Kakefuda Kenichi, Fujita Yasunori, Oyagi Atsushi, Hyakkoku Kana, Kojima Toshio, Umemura Ken, Tsuruma Kazuhiro, Shimazawa Masamitsu, Ito Masafumi, Nozawa Yoshinori, Hara Hideaki
Department of Biofunctional Evaluation, Gifu Pharmaceutical University, Japan.
Biochem Biophys Res Commun. 2009 Oct 2;387(4):784-8. doi: 10.1016/j.bbrc.2009.07.119. Epub 2009 Jul 28.
Sirtuin 1 (SIRT1) is the closest mammalian homologue of yeast silent information regulator 2 (Sir2) and has a role in lifespan modulation. Reportedly, SIRT1 is also linked to neurodegenerative diseases. However, there are limited studies that report the relation between SIRT1 and neurodegenerative diseases using in vivo transgenic (Tg) methods. In the present study, we generated neuron-specific enolase (NSE) SIRT1 Tg mice that overexpress human SIRT1 in neurons. We examined possible neuroprotective effects of SIRT1 overexpression and compared their higher brain functions with those of wild-type (WT) mice. Overexpression of SIRT1 did not have any neuroprotective effects against the neuronal damage induced by ischemia or 1-methyl-4-phenyl-1,2,3,6-tetrahydropyridine (MPTP). However, SIRT1 Tg mice exhibited a reference memory deficit. These findings suggest that an excessive expression of SIRT1 might induce the memory deficit in mice, but not neuroprotective effects.

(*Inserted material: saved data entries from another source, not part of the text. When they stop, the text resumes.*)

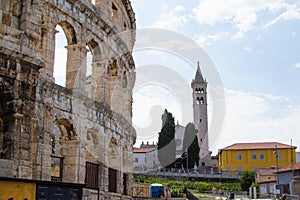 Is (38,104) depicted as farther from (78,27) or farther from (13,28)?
(78,27)

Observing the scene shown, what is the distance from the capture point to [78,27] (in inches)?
678

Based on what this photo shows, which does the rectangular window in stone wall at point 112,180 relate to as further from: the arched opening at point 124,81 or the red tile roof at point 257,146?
the red tile roof at point 257,146

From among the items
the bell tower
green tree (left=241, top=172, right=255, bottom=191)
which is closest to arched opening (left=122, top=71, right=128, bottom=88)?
green tree (left=241, top=172, right=255, bottom=191)

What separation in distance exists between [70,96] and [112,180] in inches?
213

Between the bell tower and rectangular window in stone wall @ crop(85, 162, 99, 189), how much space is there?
58287mm

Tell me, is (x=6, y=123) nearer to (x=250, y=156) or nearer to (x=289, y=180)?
(x=289, y=180)

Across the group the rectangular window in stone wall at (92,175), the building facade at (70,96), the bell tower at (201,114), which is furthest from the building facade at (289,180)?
the bell tower at (201,114)

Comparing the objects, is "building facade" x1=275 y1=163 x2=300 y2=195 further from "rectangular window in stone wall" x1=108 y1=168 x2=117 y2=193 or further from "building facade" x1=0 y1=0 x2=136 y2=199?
"rectangular window in stone wall" x1=108 y1=168 x2=117 y2=193

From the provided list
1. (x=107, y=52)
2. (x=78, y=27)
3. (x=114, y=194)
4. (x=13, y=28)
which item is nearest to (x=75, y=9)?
(x=78, y=27)

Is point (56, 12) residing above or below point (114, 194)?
above

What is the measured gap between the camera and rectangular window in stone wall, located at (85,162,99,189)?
17322 millimetres

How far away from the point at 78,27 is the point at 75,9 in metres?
0.71

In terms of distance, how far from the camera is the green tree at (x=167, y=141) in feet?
189

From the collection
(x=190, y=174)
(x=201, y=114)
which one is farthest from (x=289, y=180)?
(x=201, y=114) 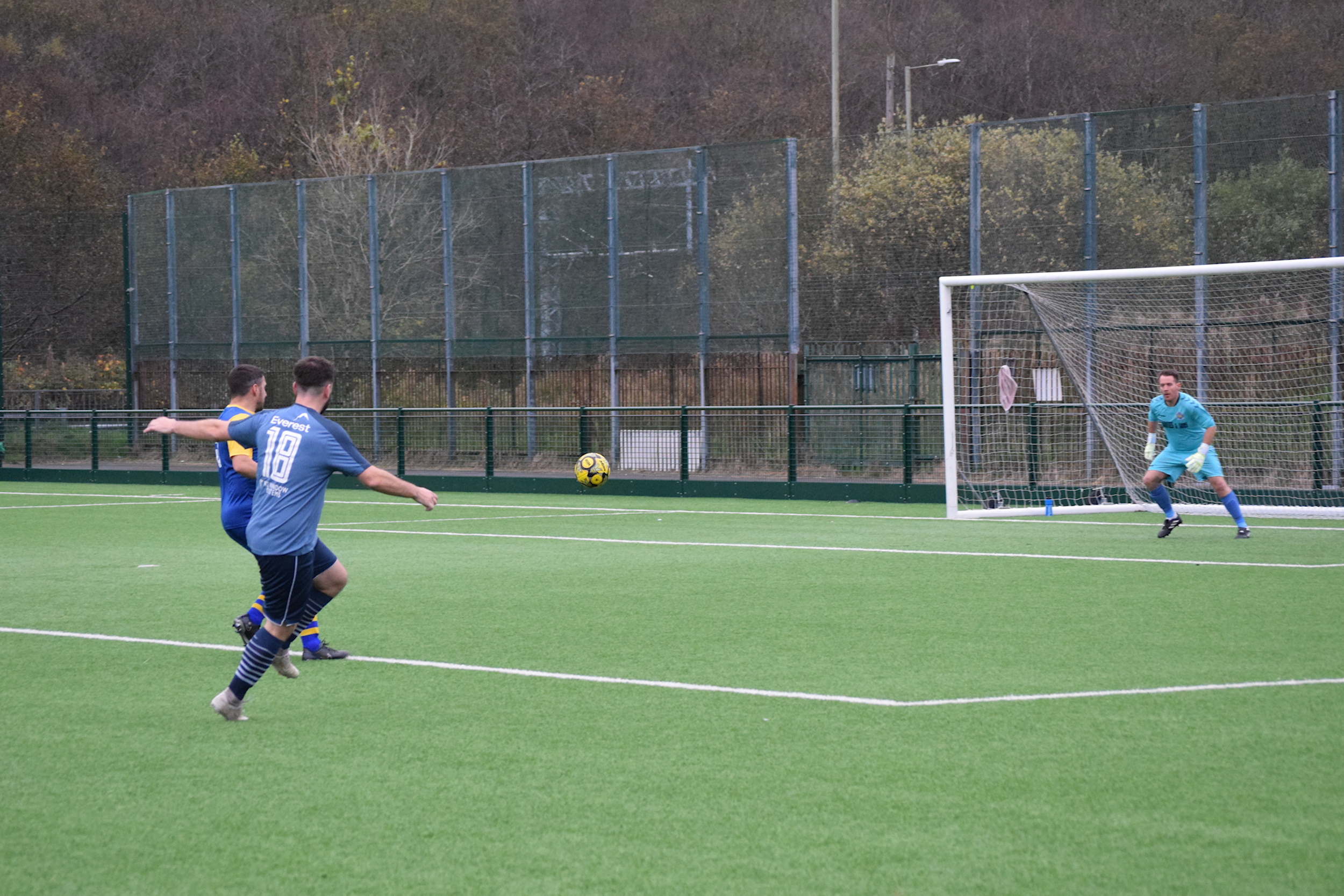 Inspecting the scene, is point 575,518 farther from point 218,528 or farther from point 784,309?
point 784,309

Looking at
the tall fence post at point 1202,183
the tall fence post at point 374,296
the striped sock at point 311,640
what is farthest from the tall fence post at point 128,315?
the striped sock at point 311,640

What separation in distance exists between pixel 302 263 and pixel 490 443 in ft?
23.3

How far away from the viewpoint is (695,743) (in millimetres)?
6547

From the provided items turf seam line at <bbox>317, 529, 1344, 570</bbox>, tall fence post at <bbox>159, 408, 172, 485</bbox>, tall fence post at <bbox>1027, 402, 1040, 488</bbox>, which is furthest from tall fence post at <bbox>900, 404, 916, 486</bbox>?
tall fence post at <bbox>159, 408, 172, 485</bbox>

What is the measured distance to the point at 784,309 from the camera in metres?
24.9

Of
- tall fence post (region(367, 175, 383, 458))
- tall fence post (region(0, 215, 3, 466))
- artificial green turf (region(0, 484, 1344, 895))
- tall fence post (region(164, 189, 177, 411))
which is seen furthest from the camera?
tall fence post (region(164, 189, 177, 411))

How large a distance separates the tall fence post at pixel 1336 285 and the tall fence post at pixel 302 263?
18.5 m

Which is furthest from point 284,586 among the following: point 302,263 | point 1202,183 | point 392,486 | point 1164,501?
point 302,263

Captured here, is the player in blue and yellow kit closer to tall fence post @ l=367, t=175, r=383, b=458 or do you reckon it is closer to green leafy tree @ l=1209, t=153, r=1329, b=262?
green leafy tree @ l=1209, t=153, r=1329, b=262

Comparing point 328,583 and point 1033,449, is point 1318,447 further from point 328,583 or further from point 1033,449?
point 328,583

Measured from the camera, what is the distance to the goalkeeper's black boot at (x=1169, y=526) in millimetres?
15461

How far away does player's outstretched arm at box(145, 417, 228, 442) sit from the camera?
746cm

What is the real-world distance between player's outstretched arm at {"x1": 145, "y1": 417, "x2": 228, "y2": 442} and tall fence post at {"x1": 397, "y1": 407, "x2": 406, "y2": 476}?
18.6m

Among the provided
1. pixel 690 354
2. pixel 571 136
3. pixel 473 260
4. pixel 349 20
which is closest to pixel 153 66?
pixel 349 20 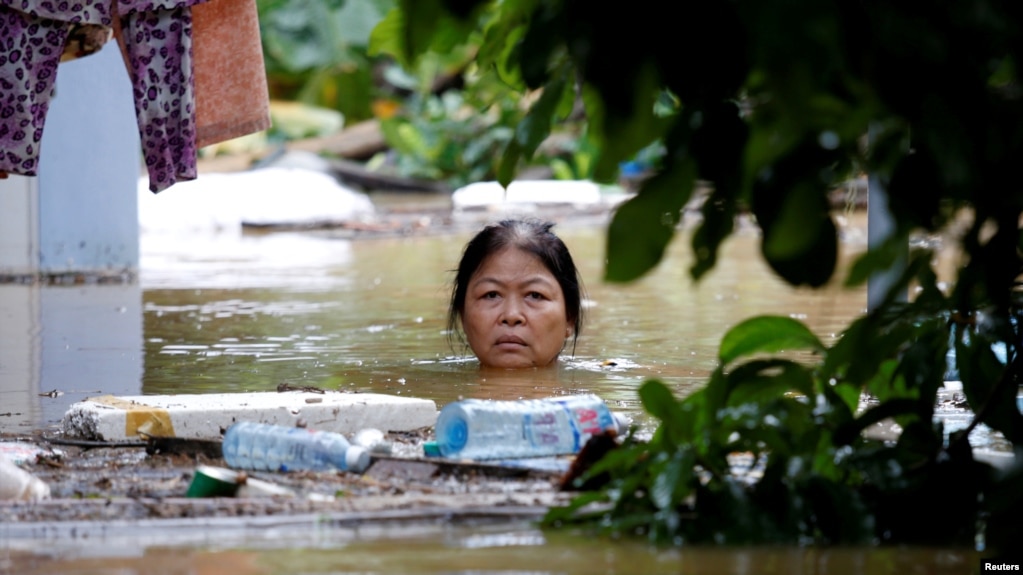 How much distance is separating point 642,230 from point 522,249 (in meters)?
3.24

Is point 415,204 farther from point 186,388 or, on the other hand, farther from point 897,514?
point 897,514

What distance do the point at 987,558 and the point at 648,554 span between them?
610 millimetres

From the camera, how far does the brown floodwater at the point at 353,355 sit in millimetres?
2500

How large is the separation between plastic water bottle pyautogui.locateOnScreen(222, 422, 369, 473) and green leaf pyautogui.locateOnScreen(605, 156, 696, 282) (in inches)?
48.8

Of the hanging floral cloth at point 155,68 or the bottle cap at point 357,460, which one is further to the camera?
the hanging floral cloth at point 155,68

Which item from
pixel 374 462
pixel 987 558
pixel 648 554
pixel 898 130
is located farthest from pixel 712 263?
pixel 374 462

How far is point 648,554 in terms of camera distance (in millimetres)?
2551

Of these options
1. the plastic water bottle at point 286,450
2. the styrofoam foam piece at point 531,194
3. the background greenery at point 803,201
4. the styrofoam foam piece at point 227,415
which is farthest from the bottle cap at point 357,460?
the styrofoam foam piece at point 531,194

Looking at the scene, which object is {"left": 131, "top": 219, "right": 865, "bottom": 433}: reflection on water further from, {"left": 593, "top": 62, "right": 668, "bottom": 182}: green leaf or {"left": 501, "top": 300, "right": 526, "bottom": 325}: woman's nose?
{"left": 593, "top": 62, "right": 668, "bottom": 182}: green leaf

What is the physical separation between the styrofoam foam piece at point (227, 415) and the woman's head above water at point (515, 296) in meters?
1.50

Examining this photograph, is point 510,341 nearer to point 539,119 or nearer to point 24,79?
point 24,79

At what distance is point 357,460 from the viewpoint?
10.6 feet

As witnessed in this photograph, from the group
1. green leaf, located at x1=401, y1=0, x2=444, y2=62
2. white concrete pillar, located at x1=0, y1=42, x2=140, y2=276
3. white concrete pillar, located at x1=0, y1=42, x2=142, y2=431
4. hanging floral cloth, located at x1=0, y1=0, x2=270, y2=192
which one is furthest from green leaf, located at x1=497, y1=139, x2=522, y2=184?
white concrete pillar, located at x1=0, y1=42, x2=140, y2=276

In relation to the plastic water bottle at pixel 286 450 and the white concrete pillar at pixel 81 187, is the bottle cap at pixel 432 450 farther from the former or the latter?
the white concrete pillar at pixel 81 187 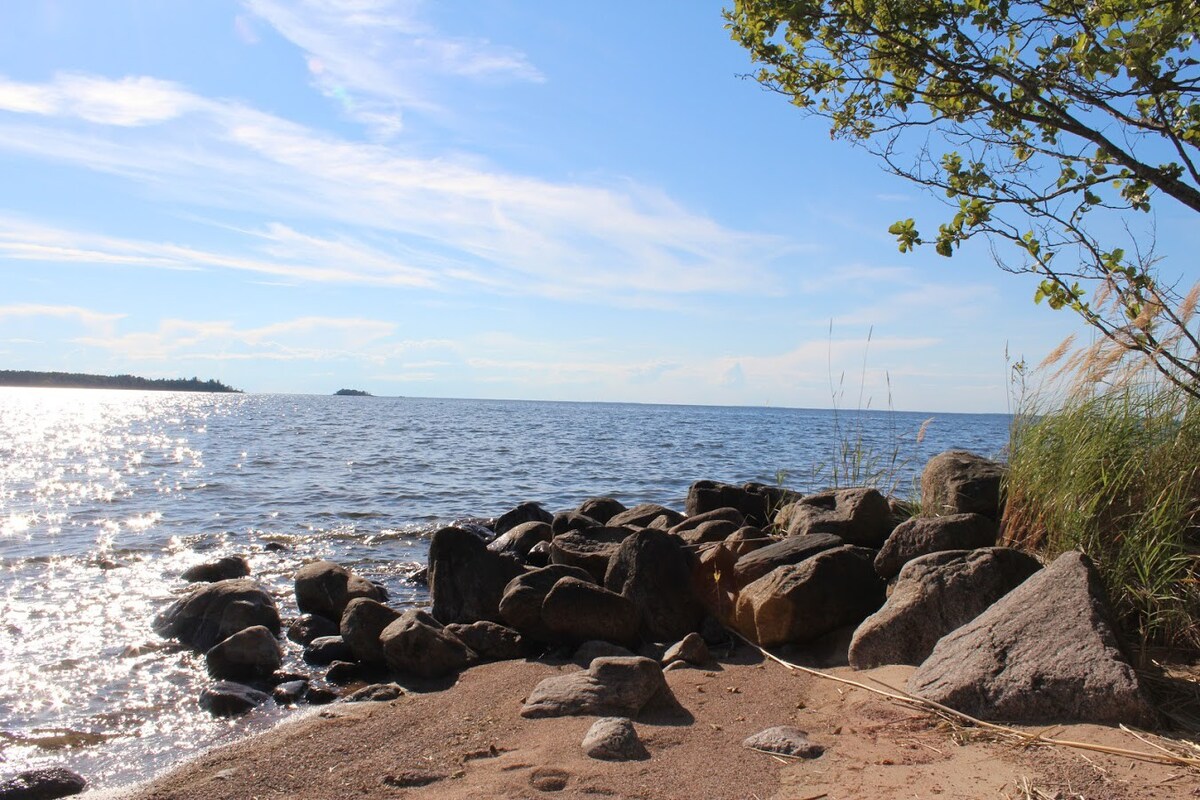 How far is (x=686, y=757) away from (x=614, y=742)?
0.39m

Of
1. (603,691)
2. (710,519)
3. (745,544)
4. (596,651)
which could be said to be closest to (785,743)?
(603,691)

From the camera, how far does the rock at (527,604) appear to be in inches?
295

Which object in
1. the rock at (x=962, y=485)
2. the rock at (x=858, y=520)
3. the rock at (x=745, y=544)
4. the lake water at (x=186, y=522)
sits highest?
the rock at (x=962, y=485)

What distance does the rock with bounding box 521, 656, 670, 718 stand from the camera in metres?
5.29

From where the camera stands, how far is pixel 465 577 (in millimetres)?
8586

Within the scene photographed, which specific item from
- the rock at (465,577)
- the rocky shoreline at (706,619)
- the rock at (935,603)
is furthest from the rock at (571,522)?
the rock at (935,603)

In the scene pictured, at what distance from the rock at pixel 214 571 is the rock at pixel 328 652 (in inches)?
126

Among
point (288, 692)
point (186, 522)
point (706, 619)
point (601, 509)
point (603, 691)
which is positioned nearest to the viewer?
point (603, 691)

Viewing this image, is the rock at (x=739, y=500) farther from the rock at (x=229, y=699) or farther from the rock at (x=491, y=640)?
the rock at (x=229, y=699)

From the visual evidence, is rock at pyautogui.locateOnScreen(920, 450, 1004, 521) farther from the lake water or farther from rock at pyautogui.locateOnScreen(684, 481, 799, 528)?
rock at pyautogui.locateOnScreen(684, 481, 799, 528)

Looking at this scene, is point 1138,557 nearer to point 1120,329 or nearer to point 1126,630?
point 1126,630

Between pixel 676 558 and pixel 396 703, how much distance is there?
270 centimetres

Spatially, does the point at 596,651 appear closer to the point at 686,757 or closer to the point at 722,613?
the point at 722,613

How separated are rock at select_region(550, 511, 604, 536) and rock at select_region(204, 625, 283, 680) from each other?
160 inches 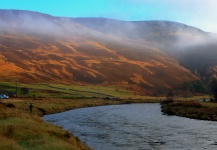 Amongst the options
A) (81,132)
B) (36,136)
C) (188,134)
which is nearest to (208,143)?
(188,134)

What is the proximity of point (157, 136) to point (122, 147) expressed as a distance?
10.5 metres

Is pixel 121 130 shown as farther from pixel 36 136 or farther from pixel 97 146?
pixel 36 136

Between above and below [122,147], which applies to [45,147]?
above

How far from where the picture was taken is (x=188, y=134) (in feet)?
159

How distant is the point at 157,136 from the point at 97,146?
12301mm

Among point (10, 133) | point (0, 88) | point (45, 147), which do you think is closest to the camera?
point (45, 147)

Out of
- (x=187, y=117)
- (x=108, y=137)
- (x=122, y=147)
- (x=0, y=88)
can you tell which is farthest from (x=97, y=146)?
(x=0, y=88)

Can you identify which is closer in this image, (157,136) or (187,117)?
(157,136)

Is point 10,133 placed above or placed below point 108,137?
above

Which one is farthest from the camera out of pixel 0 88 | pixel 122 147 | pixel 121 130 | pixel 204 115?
pixel 0 88

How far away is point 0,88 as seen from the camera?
490 ft

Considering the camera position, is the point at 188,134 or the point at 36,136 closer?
the point at 36,136

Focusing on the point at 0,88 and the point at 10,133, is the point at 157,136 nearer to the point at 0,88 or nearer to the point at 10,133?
the point at 10,133

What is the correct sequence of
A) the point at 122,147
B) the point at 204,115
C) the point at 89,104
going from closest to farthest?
the point at 122,147 < the point at 204,115 < the point at 89,104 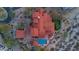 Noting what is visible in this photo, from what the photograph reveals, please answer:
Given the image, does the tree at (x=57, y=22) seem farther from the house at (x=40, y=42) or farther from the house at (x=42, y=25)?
the house at (x=40, y=42)

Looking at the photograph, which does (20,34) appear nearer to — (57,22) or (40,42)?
(40,42)

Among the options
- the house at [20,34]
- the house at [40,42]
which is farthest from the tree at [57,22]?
the house at [20,34]

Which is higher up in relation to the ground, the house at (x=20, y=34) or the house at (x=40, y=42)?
the house at (x=20, y=34)

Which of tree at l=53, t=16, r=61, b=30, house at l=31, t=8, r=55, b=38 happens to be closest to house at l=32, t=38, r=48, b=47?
house at l=31, t=8, r=55, b=38

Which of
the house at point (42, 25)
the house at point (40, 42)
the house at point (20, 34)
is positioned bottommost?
the house at point (40, 42)

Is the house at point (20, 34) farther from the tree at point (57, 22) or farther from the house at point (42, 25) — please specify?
the tree at point (57, 22)

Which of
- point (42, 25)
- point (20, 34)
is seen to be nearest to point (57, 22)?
point (42, 25)

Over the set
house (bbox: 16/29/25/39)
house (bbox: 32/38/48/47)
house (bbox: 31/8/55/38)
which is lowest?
house (bbox: 32/38/48/47)

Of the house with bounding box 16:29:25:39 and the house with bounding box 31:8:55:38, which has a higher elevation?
the house with bounding box 31:8:55:38

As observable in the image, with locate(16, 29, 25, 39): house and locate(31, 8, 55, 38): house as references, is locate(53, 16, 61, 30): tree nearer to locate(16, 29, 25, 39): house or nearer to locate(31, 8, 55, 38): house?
locate(31, 8, 55, 38): house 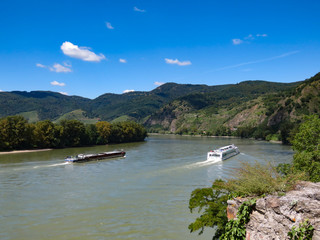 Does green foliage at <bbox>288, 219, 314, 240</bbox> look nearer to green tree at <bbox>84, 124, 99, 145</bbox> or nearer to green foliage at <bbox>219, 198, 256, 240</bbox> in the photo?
green foliage at <bbox>219, 198, 256, 240</bbox>

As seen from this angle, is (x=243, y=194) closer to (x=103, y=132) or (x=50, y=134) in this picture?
(x=50, y=134)

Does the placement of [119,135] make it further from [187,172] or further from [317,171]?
[317,171]

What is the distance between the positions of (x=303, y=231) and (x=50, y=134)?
9062 cm

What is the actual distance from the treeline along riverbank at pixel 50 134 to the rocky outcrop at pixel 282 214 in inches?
3296

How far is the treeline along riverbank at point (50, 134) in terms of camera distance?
80000 mm

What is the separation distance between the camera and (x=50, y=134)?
87.4 metres

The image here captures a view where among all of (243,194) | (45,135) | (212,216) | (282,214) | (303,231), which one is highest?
(45,135)

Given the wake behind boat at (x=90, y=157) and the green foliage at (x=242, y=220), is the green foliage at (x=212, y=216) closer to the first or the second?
the green foliage at (x=242, y=220)

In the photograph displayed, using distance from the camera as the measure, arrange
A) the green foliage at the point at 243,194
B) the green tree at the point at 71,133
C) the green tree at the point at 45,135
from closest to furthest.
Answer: the green foliage at the point at 243,194
the green tree at the point at 45,135
the green tree at the point at 71,133

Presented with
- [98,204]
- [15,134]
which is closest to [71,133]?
[15,134]

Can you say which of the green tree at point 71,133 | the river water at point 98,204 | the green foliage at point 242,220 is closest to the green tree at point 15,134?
the green tree at point 71,133

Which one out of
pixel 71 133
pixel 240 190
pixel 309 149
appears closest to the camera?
pixel 240 190

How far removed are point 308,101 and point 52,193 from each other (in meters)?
145

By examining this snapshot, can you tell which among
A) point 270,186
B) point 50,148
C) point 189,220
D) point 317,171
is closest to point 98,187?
point 189,220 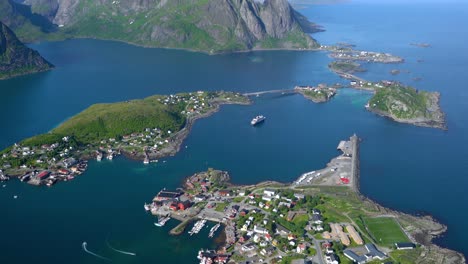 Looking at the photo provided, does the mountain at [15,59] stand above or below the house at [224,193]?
above

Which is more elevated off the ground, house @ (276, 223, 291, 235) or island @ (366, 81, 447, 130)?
island @ (366, 81, 447, 130)

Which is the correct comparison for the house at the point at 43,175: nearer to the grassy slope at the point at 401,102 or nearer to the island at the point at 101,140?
the island at the point at 101,140

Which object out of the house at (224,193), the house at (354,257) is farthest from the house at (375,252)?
the house at (224,193)

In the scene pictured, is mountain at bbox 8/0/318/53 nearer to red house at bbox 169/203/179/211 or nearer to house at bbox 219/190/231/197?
house at bbox 219/190/231/197

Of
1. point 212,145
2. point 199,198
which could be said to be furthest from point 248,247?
point 212,145

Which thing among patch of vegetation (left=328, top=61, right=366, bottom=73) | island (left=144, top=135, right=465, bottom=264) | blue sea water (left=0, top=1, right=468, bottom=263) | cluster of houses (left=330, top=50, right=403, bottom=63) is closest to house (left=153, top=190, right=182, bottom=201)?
island (left=144, top=135, right=465, bottom=264) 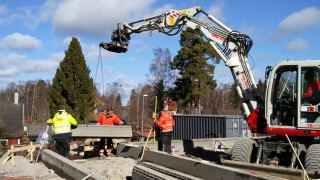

沉默信息调节因子1(SIRT1)是酵母沉默信息调节因子2(Sir2)在哺乳动物中最接近的同源物,在寿命调节中发挥作用。据报道,SIRT1也与神经退行性疾病有关。然而,使用体内转基因(Tg)方法报道SIRT1与神经退行性疾病之间关系的研究有限。在本研究中,我们生成了神经元特异性烯醇化酶(NSE)SIRT1转基因小鼠,其在神经元中过表达人SIRT1。我们研究了SIRT1过表达可能的神经保护作用,并将其高级脑功能与野生型(WT)小鼠进行比较。SIRT1的过表达对缺血或1-甲基-4-苯基-1,2,3,6-四氢吡啶(MPTP)诱导的神经元损伤没有任何神经保护作用。然而,SIRT1转基因小鼠表现出参考记忆缺陷。这些发现表明,SIRT1的过度表达可能会导致小鼠记忆缺陷,但没有神经保护作用。